**TASK INPUTS**:
________________________________________
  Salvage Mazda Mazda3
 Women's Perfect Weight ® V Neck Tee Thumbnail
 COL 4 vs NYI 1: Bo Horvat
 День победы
________________________________________
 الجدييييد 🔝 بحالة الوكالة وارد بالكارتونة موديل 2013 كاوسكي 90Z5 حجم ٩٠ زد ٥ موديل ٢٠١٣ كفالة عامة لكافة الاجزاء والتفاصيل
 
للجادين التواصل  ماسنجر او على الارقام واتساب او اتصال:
________________________________________
**WHAT TO WORK ON**:
Give again exactly, and only, the lines above starting at the one with "Women's Perfect Weight" and ending at the one with "День победы".

**THE ANSWER**:
 Women's Perfect Weight ® V Neck Tee Thumbnail
 COL 4 vs NYI 1: Bo Horvat
 День победы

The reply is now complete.